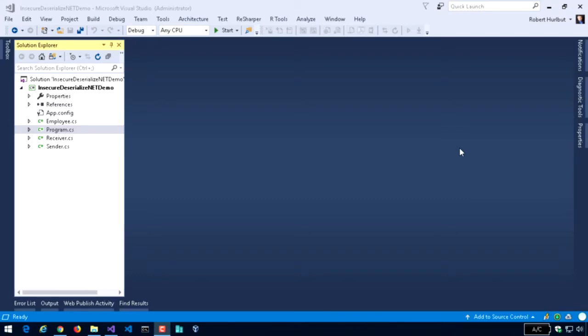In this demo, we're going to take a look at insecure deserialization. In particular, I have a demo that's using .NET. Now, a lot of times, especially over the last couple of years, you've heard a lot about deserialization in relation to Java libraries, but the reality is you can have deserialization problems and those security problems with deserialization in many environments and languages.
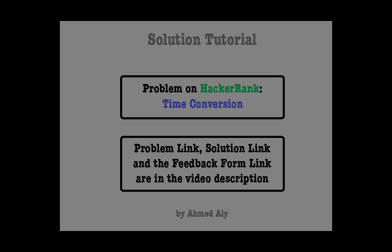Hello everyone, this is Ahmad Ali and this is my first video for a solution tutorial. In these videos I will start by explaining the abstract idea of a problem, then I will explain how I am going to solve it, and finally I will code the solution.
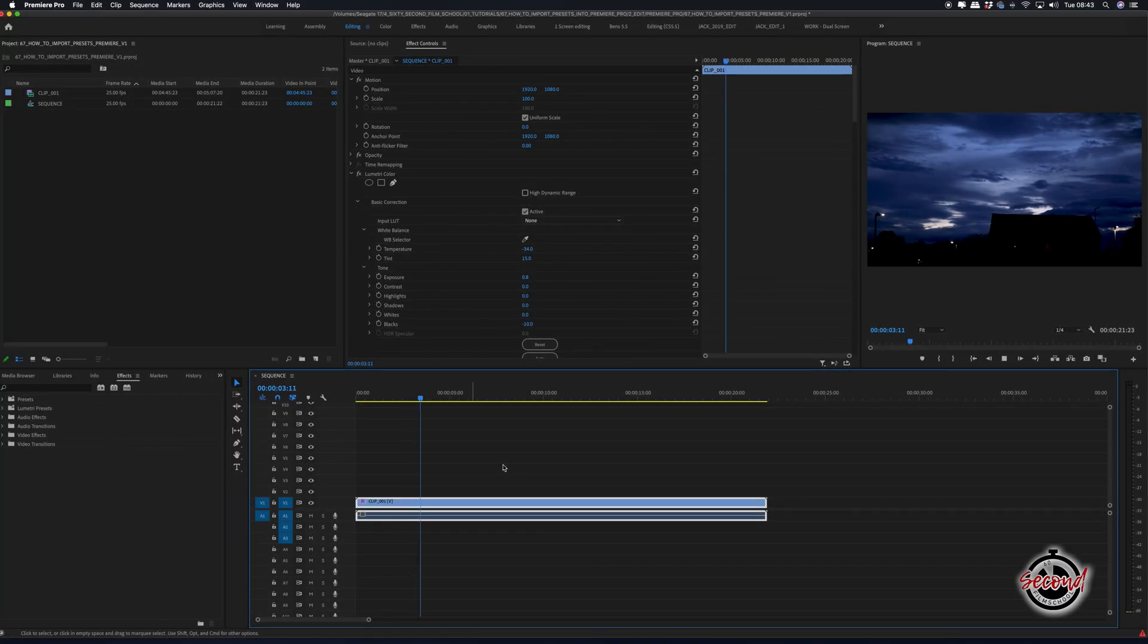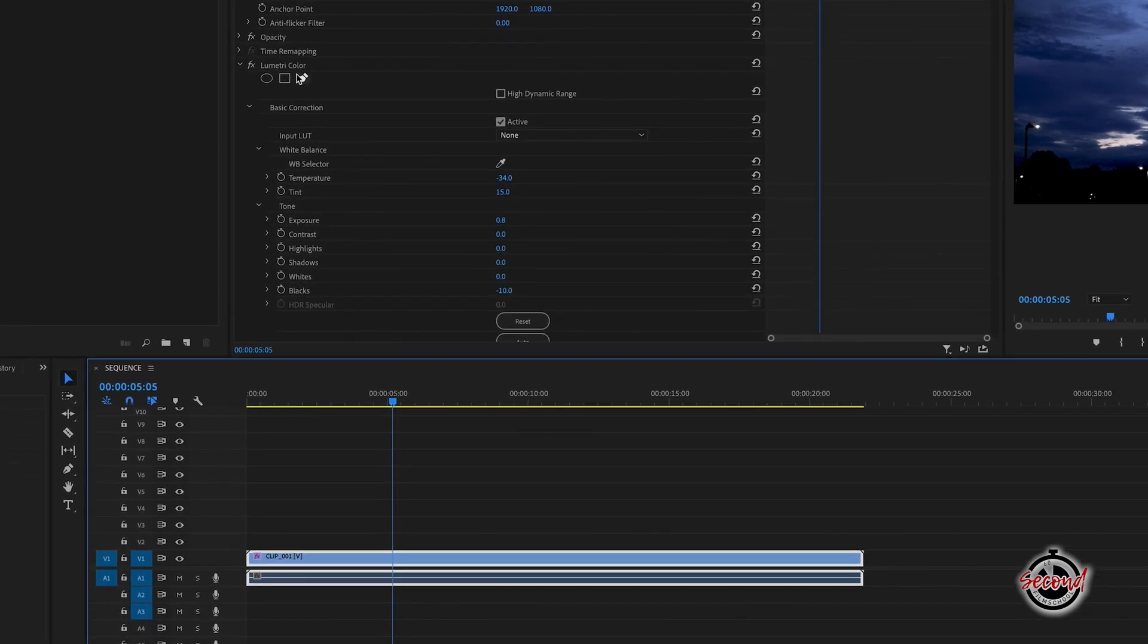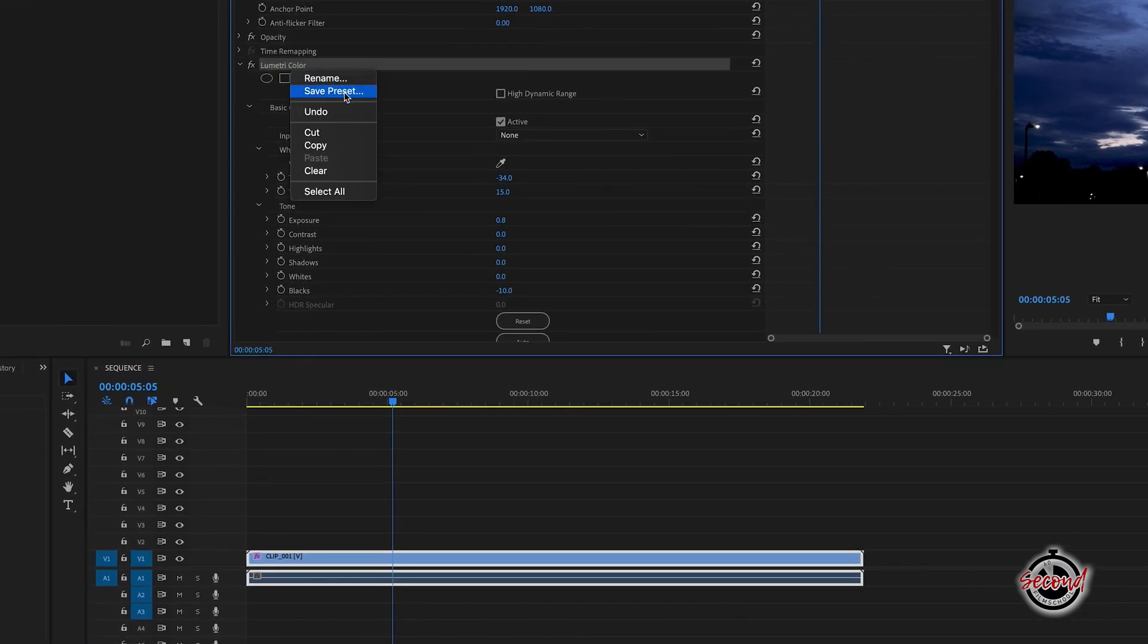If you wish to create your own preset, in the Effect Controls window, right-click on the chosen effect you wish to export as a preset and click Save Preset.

▶ _Aim of the task_
The listing above should be returned word for word, with pictures omitted.

▶ _Reply to the task_
In this demo, we're going to take a look at insecure deserialization. In particular, I have a demo that's using .NET. Now, a lot of times, especially over the last couple of years, you've heard a lot about deserialization in relation to Java libraries, but the reality is you can have deserialization problems and those security problems with deserialization in many environments and languages.
Hello everyone, this is Ahmad Ali and this is my first video for a solution tutorial. In these videos I will start by explaining the abstract idea of a problem, then I will explain how I am going to solve it, and finally I will code the solution.
If you wish to create your own preset, in the Effect Controls window, right-click on the chosen effect you wish to export as a preset and click Save Preset.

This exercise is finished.